Miracle_QQ

Gold will usher in the 2100 era?

Short
Miracle_QQ Updated   
TVC:GOLD   CFDs on Gold (US$ / OZ)
The bankruptcy storm of Silicon Valley Bank not only swept into the three US banks, but dragged down European banks by the way. Credit Suisse couldn't handle it over the weekend. Although UBS announced the acquisition, the corresponding price was very low, and this The mighty banking storm has not yet stopped. It is reported that more than 170 Bank of America are at risk. At present, on the one hand, interest rates are constantly being raised to control inflation, but on the other hand, 2 trillion yuan is released to rescue the market. The sword in the left hand and the shield in the right hand are really harvesting the world from the aspects of technology, epidemic situation, and finance.

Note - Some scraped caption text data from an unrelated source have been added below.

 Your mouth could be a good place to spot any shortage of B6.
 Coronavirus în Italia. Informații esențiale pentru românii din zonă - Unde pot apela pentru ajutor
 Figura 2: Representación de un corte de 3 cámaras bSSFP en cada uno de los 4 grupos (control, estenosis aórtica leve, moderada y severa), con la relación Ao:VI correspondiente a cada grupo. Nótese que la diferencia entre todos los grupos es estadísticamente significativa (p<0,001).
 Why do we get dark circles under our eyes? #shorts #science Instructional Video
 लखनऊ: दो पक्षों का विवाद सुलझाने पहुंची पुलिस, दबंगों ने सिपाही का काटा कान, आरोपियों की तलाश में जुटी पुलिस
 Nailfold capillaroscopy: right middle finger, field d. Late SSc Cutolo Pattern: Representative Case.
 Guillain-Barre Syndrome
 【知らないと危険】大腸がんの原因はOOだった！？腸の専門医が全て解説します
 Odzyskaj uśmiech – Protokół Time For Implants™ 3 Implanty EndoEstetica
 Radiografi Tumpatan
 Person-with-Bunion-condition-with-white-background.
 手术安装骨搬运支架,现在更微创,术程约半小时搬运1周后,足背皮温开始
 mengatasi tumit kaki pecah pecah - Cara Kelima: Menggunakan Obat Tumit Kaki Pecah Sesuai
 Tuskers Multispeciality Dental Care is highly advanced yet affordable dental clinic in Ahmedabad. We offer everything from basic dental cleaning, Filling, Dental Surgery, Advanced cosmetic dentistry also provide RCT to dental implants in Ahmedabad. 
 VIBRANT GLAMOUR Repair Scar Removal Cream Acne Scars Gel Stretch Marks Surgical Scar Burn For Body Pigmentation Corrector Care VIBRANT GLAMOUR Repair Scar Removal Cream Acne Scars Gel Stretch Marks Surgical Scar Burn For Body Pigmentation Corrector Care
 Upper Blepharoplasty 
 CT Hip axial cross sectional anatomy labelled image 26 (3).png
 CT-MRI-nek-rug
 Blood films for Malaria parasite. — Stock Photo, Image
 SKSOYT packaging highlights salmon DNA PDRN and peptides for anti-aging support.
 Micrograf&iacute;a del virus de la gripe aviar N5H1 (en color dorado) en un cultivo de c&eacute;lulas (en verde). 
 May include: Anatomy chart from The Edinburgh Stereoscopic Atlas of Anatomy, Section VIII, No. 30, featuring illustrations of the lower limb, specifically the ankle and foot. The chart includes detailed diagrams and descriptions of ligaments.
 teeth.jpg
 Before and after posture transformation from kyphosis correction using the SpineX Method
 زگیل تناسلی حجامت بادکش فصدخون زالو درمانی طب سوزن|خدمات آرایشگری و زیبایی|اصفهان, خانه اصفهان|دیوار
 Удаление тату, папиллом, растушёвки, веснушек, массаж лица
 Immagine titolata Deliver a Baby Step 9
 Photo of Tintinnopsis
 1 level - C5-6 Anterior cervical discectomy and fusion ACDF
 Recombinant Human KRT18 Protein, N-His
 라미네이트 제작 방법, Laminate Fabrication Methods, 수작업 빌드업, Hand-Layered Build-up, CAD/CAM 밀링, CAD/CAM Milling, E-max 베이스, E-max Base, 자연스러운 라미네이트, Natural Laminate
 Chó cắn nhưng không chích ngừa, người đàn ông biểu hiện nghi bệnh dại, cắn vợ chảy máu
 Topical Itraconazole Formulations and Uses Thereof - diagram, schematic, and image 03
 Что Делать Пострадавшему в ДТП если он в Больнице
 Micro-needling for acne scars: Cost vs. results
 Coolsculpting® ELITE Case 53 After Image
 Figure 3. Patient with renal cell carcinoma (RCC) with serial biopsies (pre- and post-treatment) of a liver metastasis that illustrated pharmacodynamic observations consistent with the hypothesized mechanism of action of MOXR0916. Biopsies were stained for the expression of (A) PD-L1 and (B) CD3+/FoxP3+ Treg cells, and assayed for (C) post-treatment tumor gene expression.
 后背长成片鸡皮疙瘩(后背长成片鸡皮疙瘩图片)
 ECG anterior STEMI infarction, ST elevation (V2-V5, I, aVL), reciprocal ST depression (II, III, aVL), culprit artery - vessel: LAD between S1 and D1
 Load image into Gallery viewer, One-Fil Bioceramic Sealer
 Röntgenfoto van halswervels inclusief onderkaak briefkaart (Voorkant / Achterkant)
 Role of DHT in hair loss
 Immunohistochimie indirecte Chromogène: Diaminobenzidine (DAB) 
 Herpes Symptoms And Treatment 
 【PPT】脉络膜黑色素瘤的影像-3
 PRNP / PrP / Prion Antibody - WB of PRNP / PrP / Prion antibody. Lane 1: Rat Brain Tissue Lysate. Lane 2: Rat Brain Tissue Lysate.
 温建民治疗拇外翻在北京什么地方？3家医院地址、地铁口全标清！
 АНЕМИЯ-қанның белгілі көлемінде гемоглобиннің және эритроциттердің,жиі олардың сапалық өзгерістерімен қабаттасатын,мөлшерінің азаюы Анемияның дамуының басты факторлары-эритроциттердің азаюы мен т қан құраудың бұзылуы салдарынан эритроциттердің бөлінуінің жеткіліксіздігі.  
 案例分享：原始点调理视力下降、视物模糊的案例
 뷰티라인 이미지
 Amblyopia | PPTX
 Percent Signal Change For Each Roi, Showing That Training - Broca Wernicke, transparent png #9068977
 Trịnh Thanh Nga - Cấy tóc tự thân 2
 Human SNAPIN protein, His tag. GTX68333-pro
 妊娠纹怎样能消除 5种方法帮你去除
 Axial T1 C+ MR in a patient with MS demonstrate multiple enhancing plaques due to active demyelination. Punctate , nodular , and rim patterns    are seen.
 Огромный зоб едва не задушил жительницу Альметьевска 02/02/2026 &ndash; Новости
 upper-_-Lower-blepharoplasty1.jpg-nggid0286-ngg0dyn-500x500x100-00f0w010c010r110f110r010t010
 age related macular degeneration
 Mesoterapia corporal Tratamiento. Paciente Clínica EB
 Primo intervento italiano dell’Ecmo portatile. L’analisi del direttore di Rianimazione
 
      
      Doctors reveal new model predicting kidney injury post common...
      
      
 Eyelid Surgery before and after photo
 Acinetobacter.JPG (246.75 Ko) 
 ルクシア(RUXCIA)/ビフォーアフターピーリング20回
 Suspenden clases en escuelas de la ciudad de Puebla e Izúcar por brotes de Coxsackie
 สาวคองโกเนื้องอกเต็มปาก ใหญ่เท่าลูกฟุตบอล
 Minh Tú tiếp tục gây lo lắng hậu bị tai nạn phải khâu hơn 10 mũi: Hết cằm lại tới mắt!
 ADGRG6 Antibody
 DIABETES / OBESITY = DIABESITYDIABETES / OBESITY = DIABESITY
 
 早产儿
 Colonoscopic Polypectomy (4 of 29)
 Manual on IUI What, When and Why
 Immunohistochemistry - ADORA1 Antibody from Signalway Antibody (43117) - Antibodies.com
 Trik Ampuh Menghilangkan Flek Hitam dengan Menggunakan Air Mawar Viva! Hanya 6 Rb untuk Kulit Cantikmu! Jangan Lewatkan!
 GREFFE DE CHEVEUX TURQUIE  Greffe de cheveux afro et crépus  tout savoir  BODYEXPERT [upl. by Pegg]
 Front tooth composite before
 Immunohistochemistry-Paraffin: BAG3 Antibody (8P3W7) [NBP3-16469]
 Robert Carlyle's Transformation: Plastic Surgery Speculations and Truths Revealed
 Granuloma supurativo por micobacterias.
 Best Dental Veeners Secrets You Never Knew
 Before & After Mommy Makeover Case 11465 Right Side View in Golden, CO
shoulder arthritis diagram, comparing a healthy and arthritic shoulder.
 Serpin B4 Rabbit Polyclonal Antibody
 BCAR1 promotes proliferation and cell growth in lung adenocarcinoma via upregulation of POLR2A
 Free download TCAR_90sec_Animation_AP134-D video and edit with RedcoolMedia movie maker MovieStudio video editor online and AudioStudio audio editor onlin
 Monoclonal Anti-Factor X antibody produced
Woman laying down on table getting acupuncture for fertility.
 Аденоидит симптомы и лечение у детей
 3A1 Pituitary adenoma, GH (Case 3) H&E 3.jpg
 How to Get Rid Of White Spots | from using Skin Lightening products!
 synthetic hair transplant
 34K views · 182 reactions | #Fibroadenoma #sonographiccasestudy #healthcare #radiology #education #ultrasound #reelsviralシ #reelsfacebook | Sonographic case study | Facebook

In terms of gold, it broke high and closed on Friday, not only on the daily line, but also on the weekly line. Although this round of rise is said to stimulate risk aversion
1. Any wave of market needs twists and turns, and it cannot be finished in one go.

2. After the adjustment, even if it does not break the high, it will be reversed twice.

Looking at it now, although this wave of rise comes from the impact of Bank of America's bankruptcy, all analysis is based on unknown predictions, and the biggest transaction is yourself and time. Others are not important. You may not lose to technology, but most of them will lose to yourself or time.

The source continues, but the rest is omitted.